Hinauf zur Paßhöhe wurde die Straße nochmals schmäler und staubiger. Sie führte noch etwas an einem Fluß entlang durch das Tal, um dann spontan steil anzusteigen. Es gab kaum Verkehr. Die Paßhöhe liegt auf 2100 m Höhe. Dort begrüßte uns ein fast gleichaltriger und hieß uns willkommen. Er hatte einen kleinen Laden, zwang uns aber nichts auf. Einen Tizi-n-Test-Aufkleber gab’s leider nicht. Sein Angebot, bei ihm zu übernachten schlugen wir aus, wir wollten noch bis Agadir kommen, auch wenn die Sonne schon fast untergegangen war.

Blick zurück in Richtung Marrakech

In Richtung Agadir

Am Südhang des Passes wurde die Straße dann fast konsequent einspurig, es gab nur noch gelegentlich Ausweichstellen. Das macht die Strecke anspruchsvoll, aber die Panik, die manche Reiseführer verbreiten, war fehl am Platz, wenn der Fahrer sich des gesunden Menschenverstands bedienen kann und dementsprechend fährt. Man muß halt hin und wieder den Rechtsverkehr Rechtsverkehr sein lassen und sich der Realität anpassen und dann eben links anhalten, wenn ein 30-Tonner entgegenkommt. Desweiteren ggf. großzügiger mit der Hupe umgehen und hier und da aneinander vorbeiquetschen, dann geht das.
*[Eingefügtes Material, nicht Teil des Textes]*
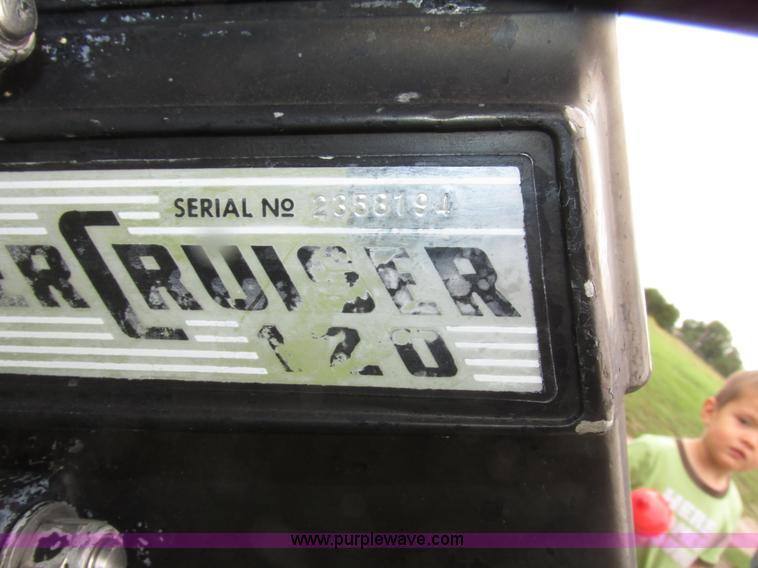 image for item G9967 1960 Larson speed boat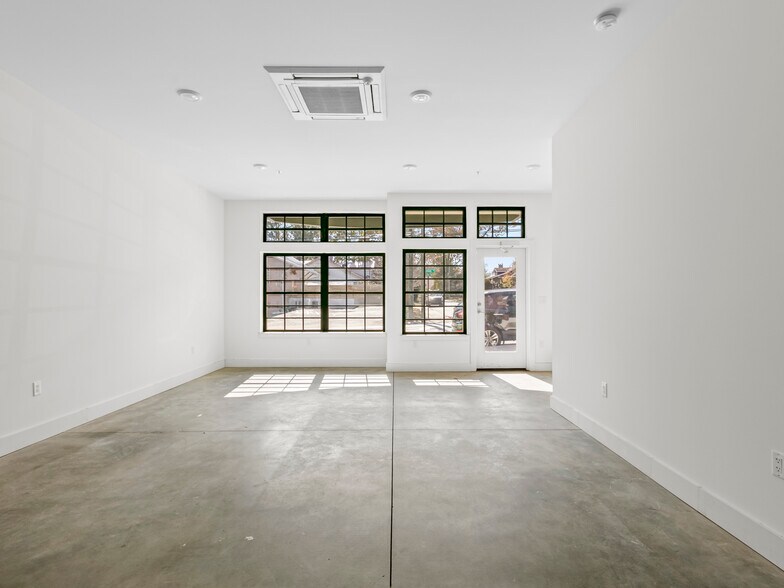 More Photos Of 315 Haywood Rd, Asheville Storefront Retail Residential For Sale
Das Panorama war großartig. An einer breiteren Stelle hielten wir an und schossen Photos, solange noch Licht da war.

Der Tizi-n-Test läuft großzügig in das Flachland aus, wo man dann auf die Hauptstraße N10 trifft, die wir in Richtung Agadir betraten. Ereignislose Nachtfahrt bis zum Flughafen Agadir, wo wir vor das Terminal fuhren und einen grandiosen Blick über ein 123er-Meer hatten. Das waren wohl die Flughafentaxis, die hier auch nachts parken und tatendurstig auf den morgigen Tag warteten während ihre Fahrer zuhause schlummerten. Taylan wollte sein Stativ aufbauen um die Autos zu photographieren, da kam ein ein nutzloser Polizist vom Flughafeneingang herbeigelaufen um uns Hobbyterroristen von dieser Tat abzuhalten. „No photography, get to Agadir, get permission!“ – Nein Danke, aber schönen Tag noch, Du Penner!

Ich hatte mir für Agadir die Koordinaten notiert, „Paradis Nomade“ hieß der Platz (30°28'32"N, 9°27'56"W) und sträubte sich redlich, gefunden zu werden. Wir fuhren die Äußere Ringstraße Agadirs drei Stunden lang hoch und runter, konnten aber keine passende Einfahrt finden. Immer wieder wähnte ich mich richtig, fand uns dann aber in irgendeinem Ghetto oder Hotelviertel wieder. Schließlich, als wir eine verlassene staubige Straße hinter dem Metro befuhren, sah Taylan ein mikroskopisch kleines Schild, das vom „Paradis Nomade“ kündigte. Halleluja! Man fuhr 10 Kilometer ins Landesinnere, wo sich wie in Marrakech eine Oase auftat.

Es war vier Uhr morgens und keiner war mehr wach. Wir klingelten die Besitzerin aus dem Schlaf, die ihren Garcon vorschickte. Man war sichtlich enttäuscht, daß wir kein sündhaft teures Nomadenzelt mieten wollten und man wegen ein paar Low-Budget-Touristen des Nachts aufgestanden war. Das Einfahrtstor wurde geöffnet, wir sollten uns einfach irgendwo hinstellen, alles andere würde morgen geklärt werden. Gute Nacht!